In a handout he passed out about himself last week, Wright said that in each of his leadership roles he led with "compelling vision, inspiration, high expectations, accountability [and] transparency -- not through fear or firing."

Wright, who has three children ranging in age from16 to 20, has a doctorate in leadership for educational equity from University of Colorado at Denver.

Thomas, 53, the other finalist for the job, is an education leadership consultant affiliated with the University of Virginia's Partnership for Leaders in Education.

He is a former deputy superintendent/chief school turnaround officer for the Georgia Board of Education and, as such, provided guidance to eight school districts to improve some of that state's lowest-achieving schools. He is a former high school social studies teacher, principal and, from 2010 to 2012, chief innovation officer in the 35,000-student Cincinnati public schools.

Thomas has a PhD in leadership from the University of Chicago in Concordia, Ill.

Before the board went into the executive session, state Sen. Joyce Elliott, D-Little Rock, urged the board to select a superintendent candidate who openly acknowledges the importance of equity in developing a world class school system.

She said she favored one of the two finalists over the other after going through their background information and comments, but she didn't publicly name her preferred candidate.

"There is no need for repeating mediocrity," Elliott told the board, adding later that the Little Rock community at large must be willing to move away from racial and economic separation and segregation "so that everybody can benefit from the systems that other people are enjoying."

Elliott was the only person to address the board during the public comment period Tuesday night.

Wright at a public forum in Little Rock last week was asked about diversity, equity and inclusion.

"I'm a firm believer in doing whatever we need to do to support the needs that our kids and our students have," Wright responded. "Everybody may not get the same thing, but everybody will get what they need."

Wright also said that families must feel a sense of belonging to a school or a district will lose enrollment.

"We have to create a culture within our schools so that every student feels they have a connection with somebody," he said.

Board members had no comments about the candidates before or after the vote Tuesday. Adams, however, expressed gratitude to all the applicants for the job, to the search firm that is assisting in the process and to participants in the district and community.

Board member Sandrekkia Morning also offered thanks to people who met with the candidates last week -- especially students who she said had better questions than the adults.

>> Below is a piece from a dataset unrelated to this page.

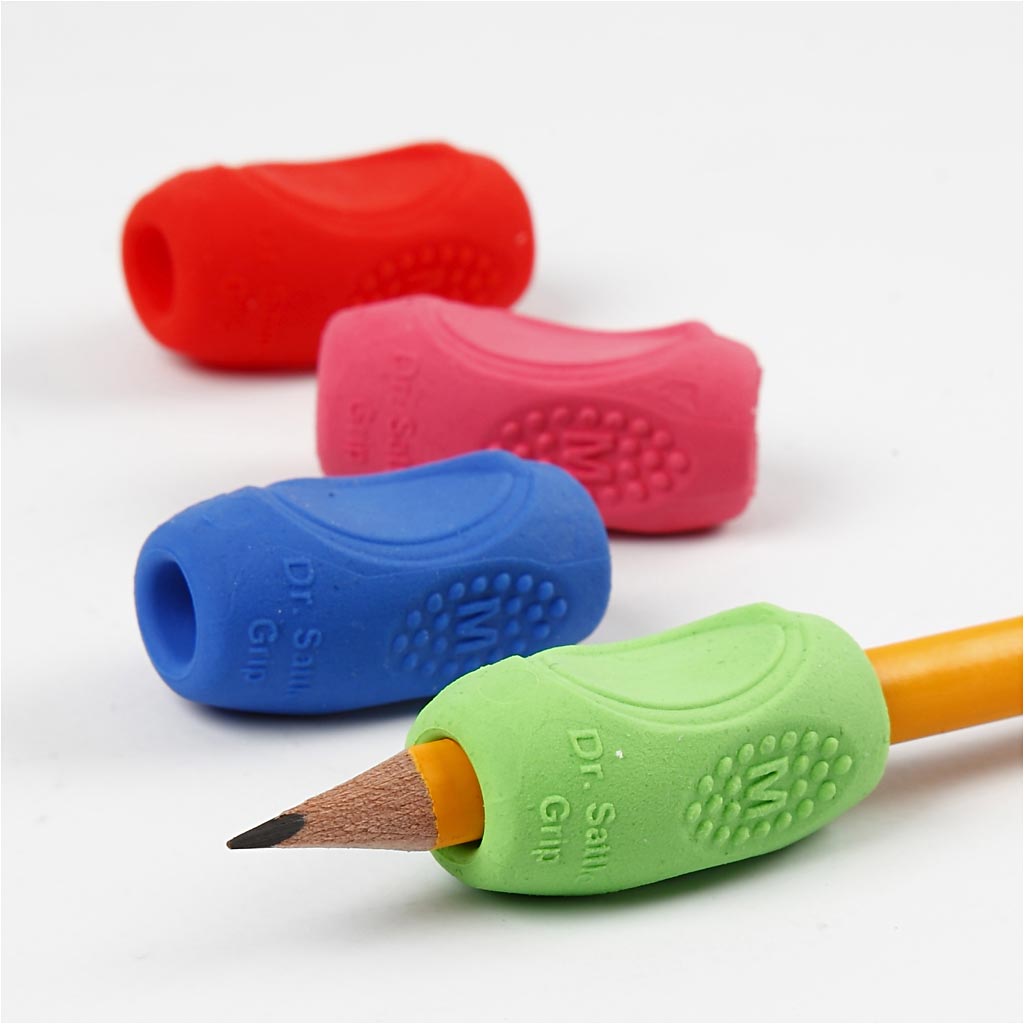 Pencil Grip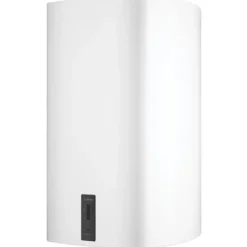 Online Tronic 4500 T elvandvarmer, model 80, 78 liter Vandvarmere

BWP & Associates of Libertyville, Ill., is the executive search firm that is assisting the board in finding a replacement. The firm recommended five applicants for board interviews.

The board on March 16 selected four to interview online: Wright, Thomas, Lloyd D. Jackson, who is an assistant superintendent of school leadership in the Kansas City, Mo., and Stephanie N. Jones, who works in the Chicago school district as the chief officer for the Office of Diverse Learner Supports and Services.

After the online interviews, the board invited Thomas and Wright to visit Little Rock for in-person interviews with the School Board.

During those separate on-site visits last week, the two candidates toured some schools and met with focus groups of district employees, students, parents, business people, civic groups. Each candidate also introduced himself and answered questions from the audience at forums open to the general public.

The School Board asked participants in the focus groups and forums to complete evaluations of the candidates. The evaluations were based on the qualities and characteristics that board members and the community members said earlier this year that they would like to see in a new superintendent.